RECORDS SHOWN

>>

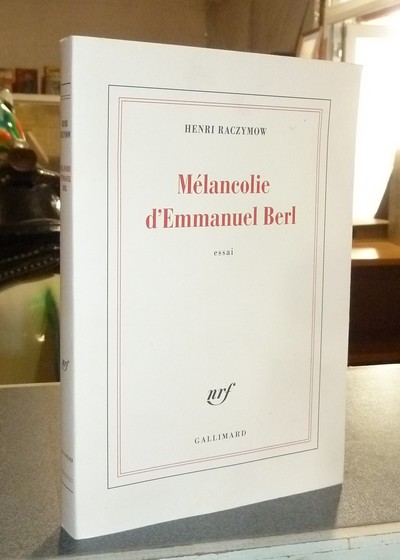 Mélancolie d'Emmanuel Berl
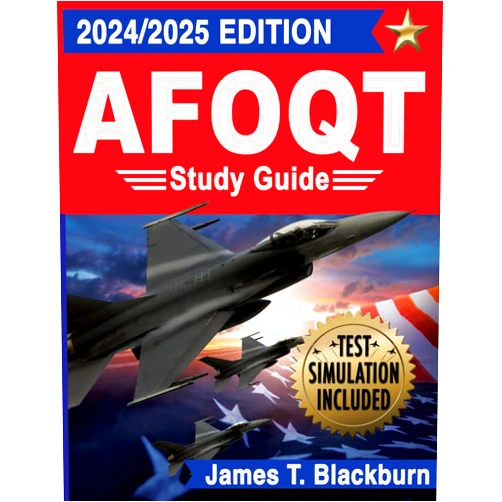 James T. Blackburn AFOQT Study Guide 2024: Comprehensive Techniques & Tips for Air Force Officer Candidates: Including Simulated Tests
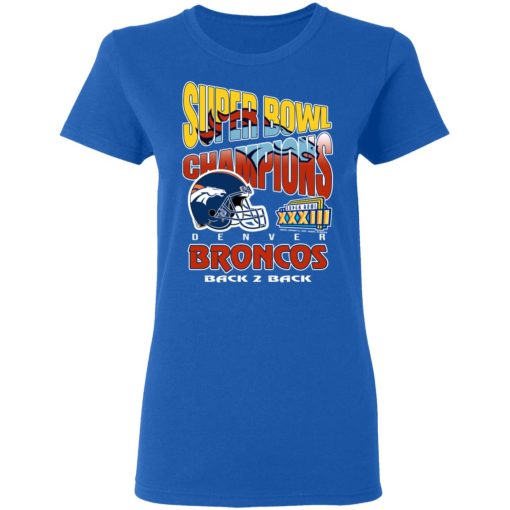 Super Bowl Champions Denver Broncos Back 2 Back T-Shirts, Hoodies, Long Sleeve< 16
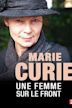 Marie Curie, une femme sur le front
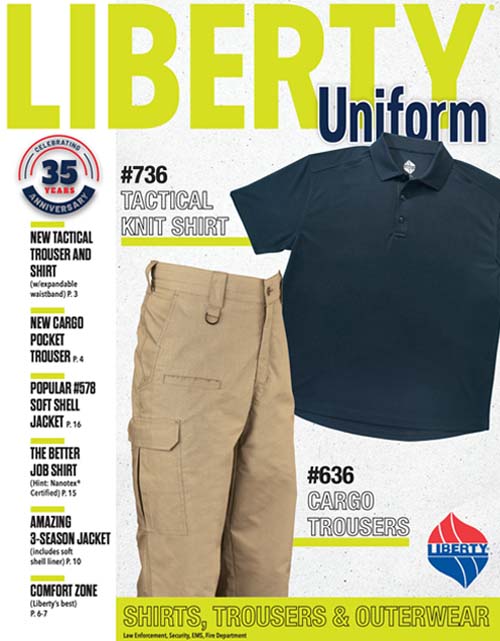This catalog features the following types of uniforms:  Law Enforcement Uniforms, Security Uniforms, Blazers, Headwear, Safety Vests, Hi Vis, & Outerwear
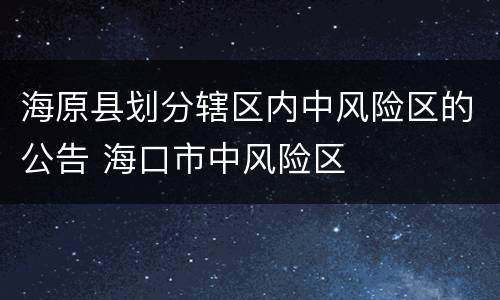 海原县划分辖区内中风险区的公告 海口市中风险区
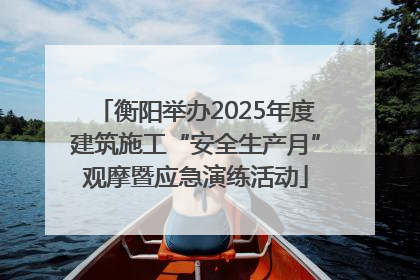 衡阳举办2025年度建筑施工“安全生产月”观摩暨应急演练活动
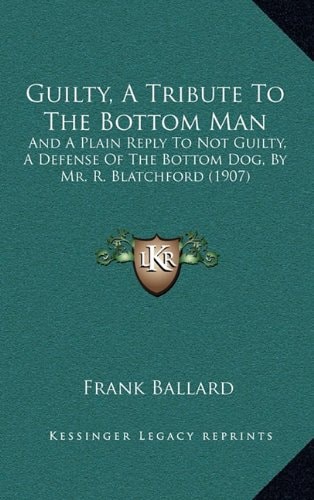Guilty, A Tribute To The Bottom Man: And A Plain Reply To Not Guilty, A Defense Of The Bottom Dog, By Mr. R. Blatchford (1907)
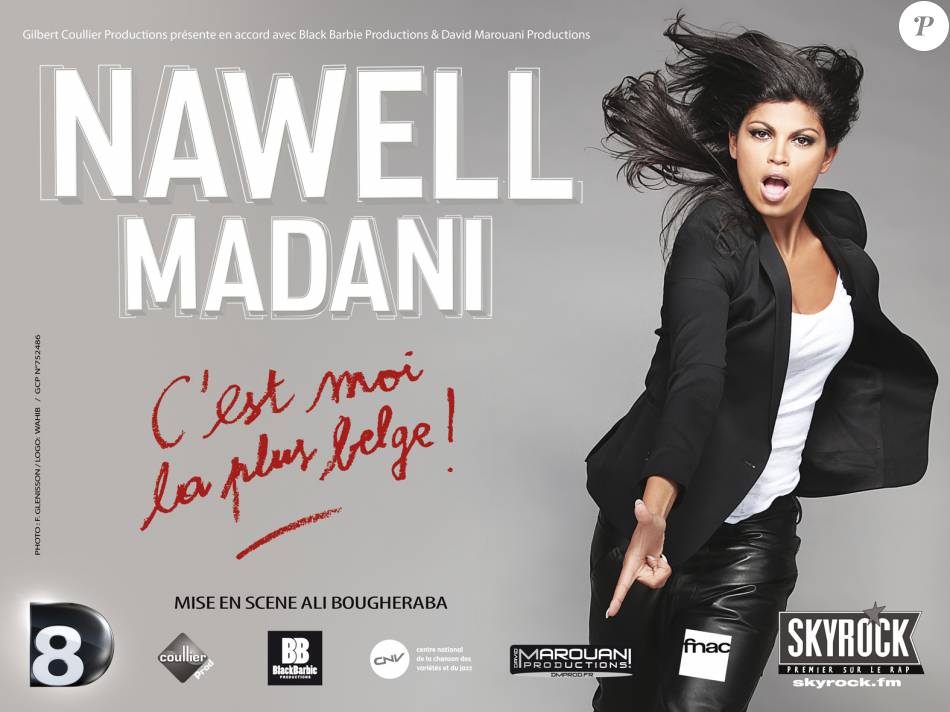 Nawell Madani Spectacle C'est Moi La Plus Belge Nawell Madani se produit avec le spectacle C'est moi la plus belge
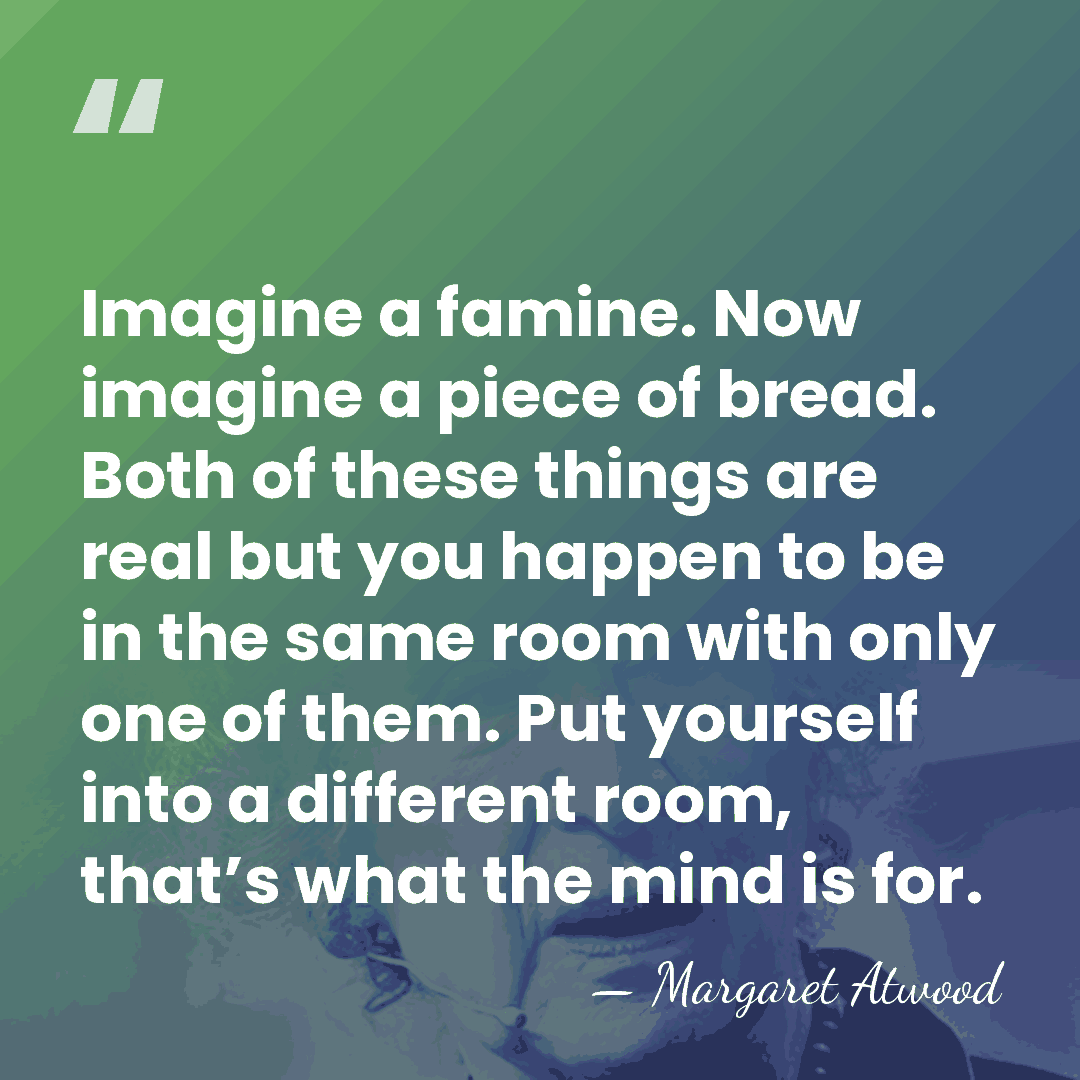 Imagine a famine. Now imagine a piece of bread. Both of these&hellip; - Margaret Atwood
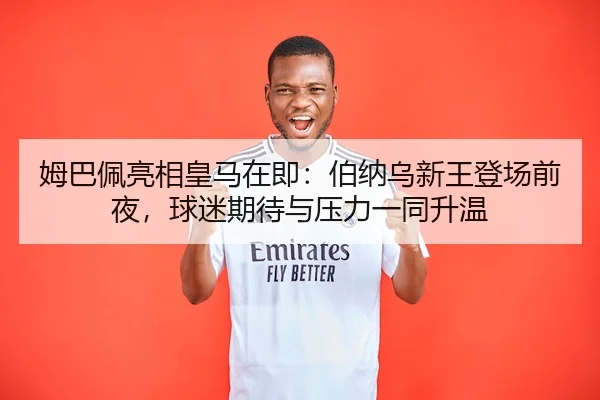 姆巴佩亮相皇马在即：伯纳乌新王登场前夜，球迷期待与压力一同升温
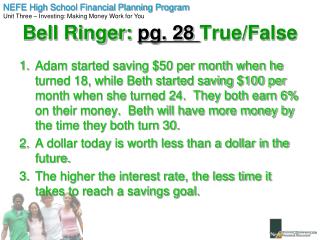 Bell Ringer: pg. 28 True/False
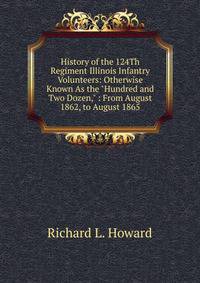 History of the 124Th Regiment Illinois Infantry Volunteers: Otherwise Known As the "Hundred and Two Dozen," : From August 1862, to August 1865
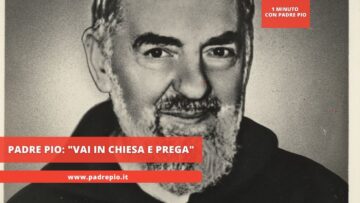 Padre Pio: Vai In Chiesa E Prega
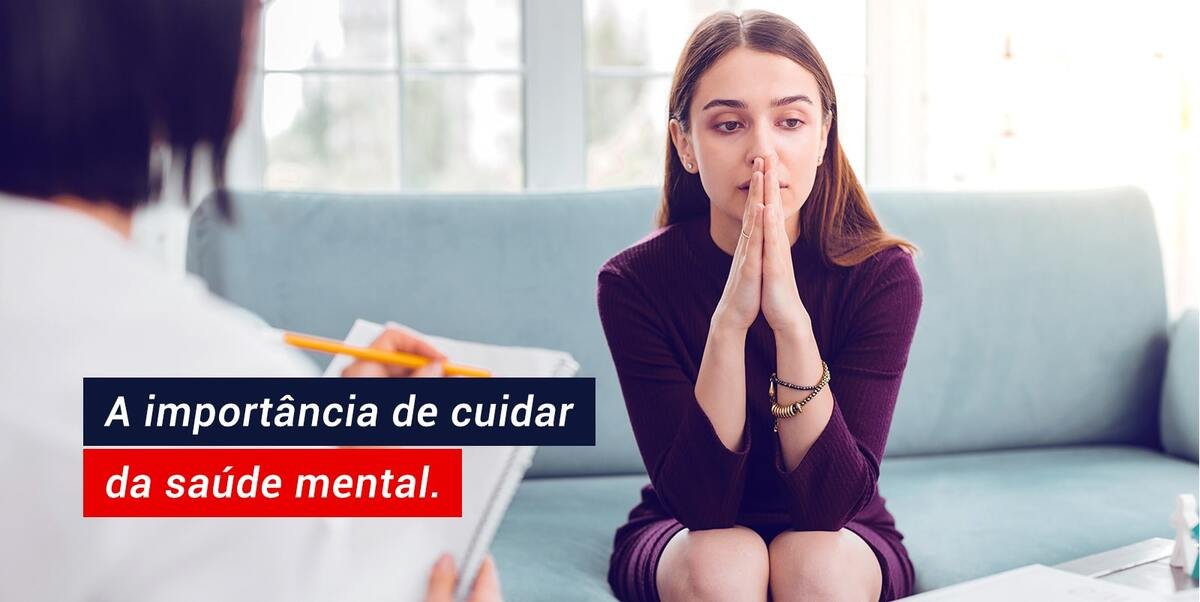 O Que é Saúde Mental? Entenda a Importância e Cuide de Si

<<

YOUR OBJECTIVE
Extract only the lines from the one that contains "History of the" through the end of the records, inclusive, and omit every picture.

WRITTEN REPLY
 History of the 124Th Regiment Illinois Infantry Volunteers: Otherwise Known As the "Hundred and Two Dozen," : From August 1862, to August 1865
 Padre Pio: Vai In Chiesa E Prega
 O Que é Saúde Mental? Entenda a Importância e Cuide de Si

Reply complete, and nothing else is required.